Records for the task:
▼
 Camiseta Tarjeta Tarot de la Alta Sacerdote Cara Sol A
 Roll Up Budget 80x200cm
▲
▼
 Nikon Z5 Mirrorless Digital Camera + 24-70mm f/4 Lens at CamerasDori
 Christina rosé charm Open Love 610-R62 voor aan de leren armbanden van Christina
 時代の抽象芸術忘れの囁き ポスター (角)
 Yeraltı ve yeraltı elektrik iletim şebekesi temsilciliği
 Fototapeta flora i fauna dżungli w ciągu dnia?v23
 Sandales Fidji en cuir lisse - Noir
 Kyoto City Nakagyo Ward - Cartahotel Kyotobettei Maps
▲
▼
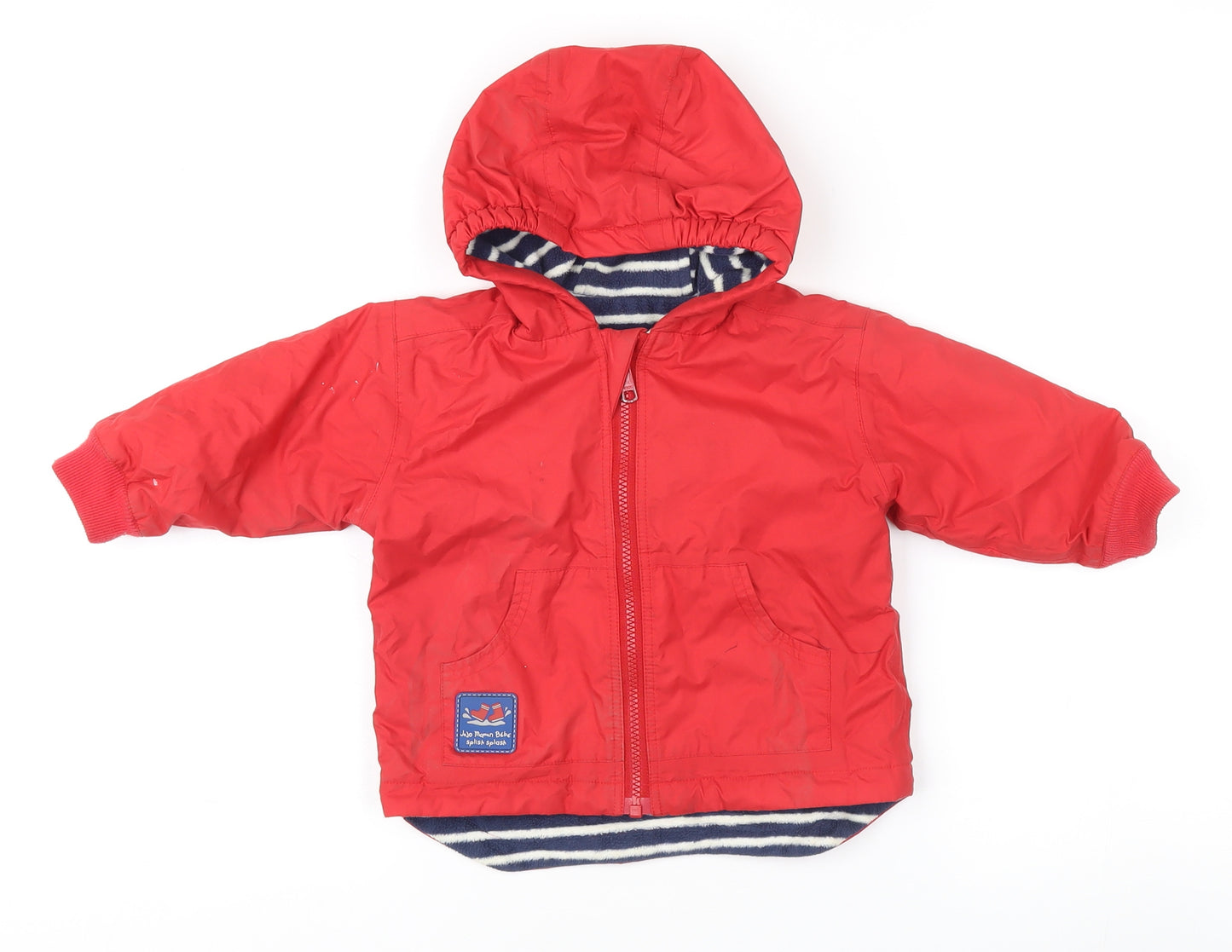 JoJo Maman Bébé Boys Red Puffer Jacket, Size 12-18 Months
▲
Problem to work on:
Copy back the listing above exactly, but only from the line with "Yeraltı ve yeraltı" through the line with "Kyoto City Nakagyo", both ends included.

Result of the exercise:
 Yeraltı ve yeraltı elektrik iletim şebekesi temsilciliği
 Fototapeta flora i fauna dżungli w ciągu dnia?v23
 Sandales Fidji en cuir lisse - Noir
 Kyoto City Nakagyo Ward - Cartahotel Kyotobettei Maps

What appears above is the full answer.